F.D. & C.L. – Avant de prendre la décision de la gratuité vous avez réalisé une enquête sur les coûts. Qu’en est-il ?
 
O.C. – L’enquête a livré les données chiffrées : l’inscription a rapporté moins de 300 000 € sur toute la métropole en 2014. À la Bibliothèque de Bordeaux, les coûts générés par la gestion des inscriptions se portaient aux 2/3 de la recette… et cela, en ne prenant en compte que les coûts internes à la bibliothèque, donc sans les coûts imputés au traitement financier externe. En réalité, la perte de recette due à la gratuité ne serait, au plus, que de 40 000 €. Dans certaines bibliothèques de la métropole, les coûts de collecte sont plus élevés que les recettes de l’inscription. Cela a été un argument qui a parlé aux élus et a pesé dans la décision de la gratuité. C’est donc un choix politique autant que rationnel.
 
F.D. & C.L. – Quelles sont les retombées après quelques mois de gratuité ?
 
O.C. – Il y a eu 3000 inscrits supplémentaires dans les deux premiers mois… Il s’agit bien de nouveaux lecteurs. Pour une meilleure gestion, nous avons reporté de quatre mois les réinscriptions. Dans ces nouveaux lecteurs, nous constatons une augmentation de la proportion d’adultes et aussi du pourcentage de non-Bordelais qui passe de 11 à 25 %.
Donc, on voit bien que se dessine une fréquentation de la bibliothèque selon des flux liés à la mobilité urbaine, au nomadisme dû au travail ou aux activités culturelles ou familiales.
Il faudra voir si le mouvement se poursuit dans le temps.
 
F.D. & C.L. – D’autres mesures accompagneront-elles ce passage à la gratuité pour tous, comme l’élargissement des horaires d’ouverture ou l’ouverture le dimanche ?
 
O.C. – C’est une autre démarche. Ce sujet est à l’étude et fera l’objet d’une enquête auprès de la population.
Dans l’idée d’augmenter l’attraction de la bibliothèque, ce ne sont pas les horaires d’ouverture qui ont d’abord compté.
En revanche, nous avons ouvert récemment une cafétéria, accessible depuis l’intérieur et l’extérieur. C’est un lieu de convivialité et de vie qui crée un pôle supplémentaire d’attractivité au sein de la bibliothèque.
Un peu plus tôt, fin 2013, nous avons créé de nouvelles bibliothèques de quartier plus attractives, Flora Tristan et Jean de La Ville de Mirmont. Les bibliothèques de quartier prennent de plus en plus d’importance qualitative et quantitative sur le territoire.
La création de fonds musicaux dans ces bibliothèques génère aussi de l’attractivité.
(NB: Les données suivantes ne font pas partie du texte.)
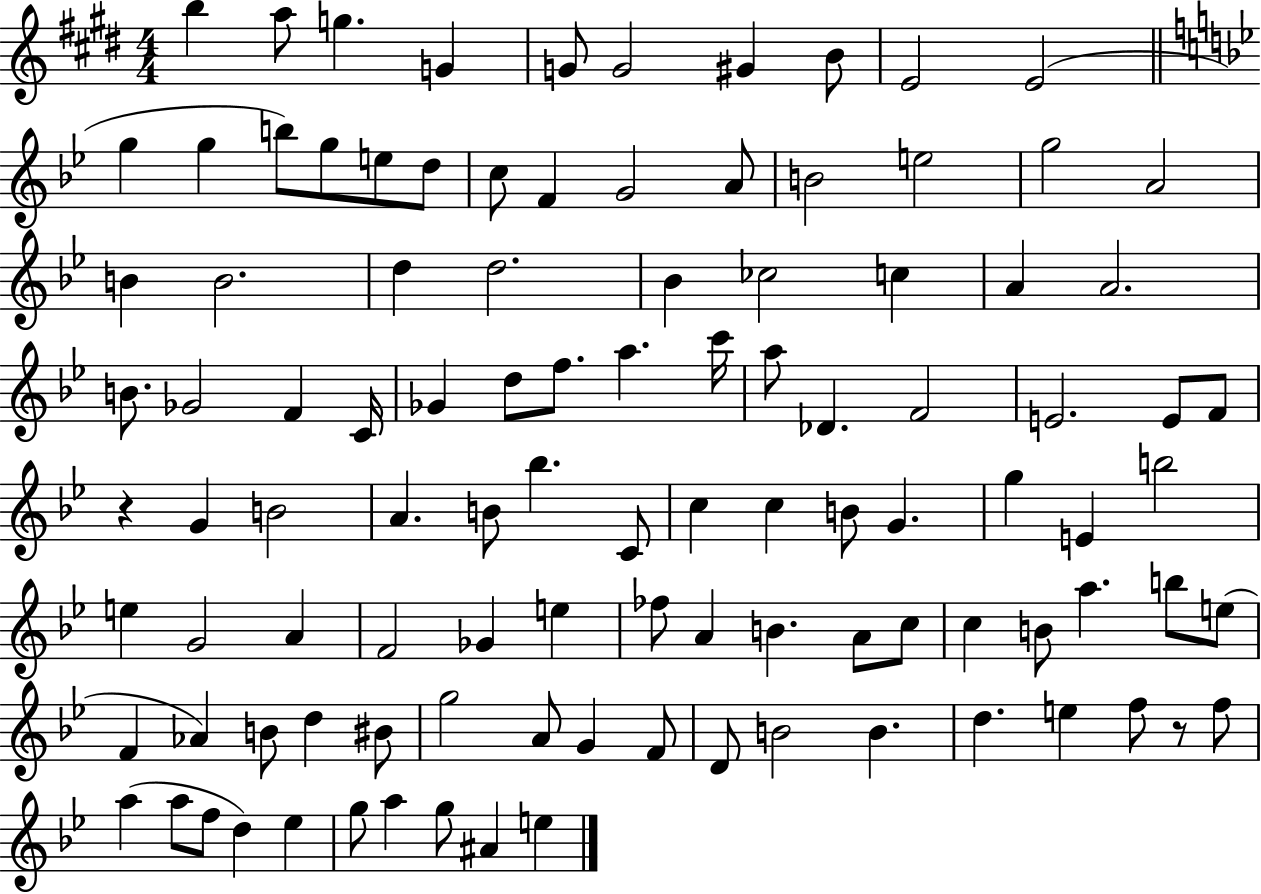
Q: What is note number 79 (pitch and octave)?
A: Ab4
Ce qu’il faut bien voir c’est qu’une bibliothèque attire beaucoup de flux par rapport à d’autres activités dans la ville. En 2014, nous avons comptabilisé 427 000 entrées à la bibliothèque Mériadeck, et 446 000 en 2015…
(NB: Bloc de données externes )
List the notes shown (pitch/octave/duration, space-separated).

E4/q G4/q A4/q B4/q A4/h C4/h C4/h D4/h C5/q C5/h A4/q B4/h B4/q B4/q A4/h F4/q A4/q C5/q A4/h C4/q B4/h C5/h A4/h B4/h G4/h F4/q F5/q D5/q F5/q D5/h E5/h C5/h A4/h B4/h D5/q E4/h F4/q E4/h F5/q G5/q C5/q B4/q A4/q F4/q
Ce n’est pas rien et je pense que la gratuité continuera d’amplifier l’attractivité des bibliothèques.
 
1. http://mediatheques.bordeaux-metropole.fr/
2. Depuis cet entretien, la Ville de Bègles a adopté la gratuité de l’inscription en bibliothèque à compter de janvier 2016
3. SIGB : un logiciel qui permet de gérer toutes les fonctions d’une bibliothèque, du catalogage jusqu’au prêt des documents.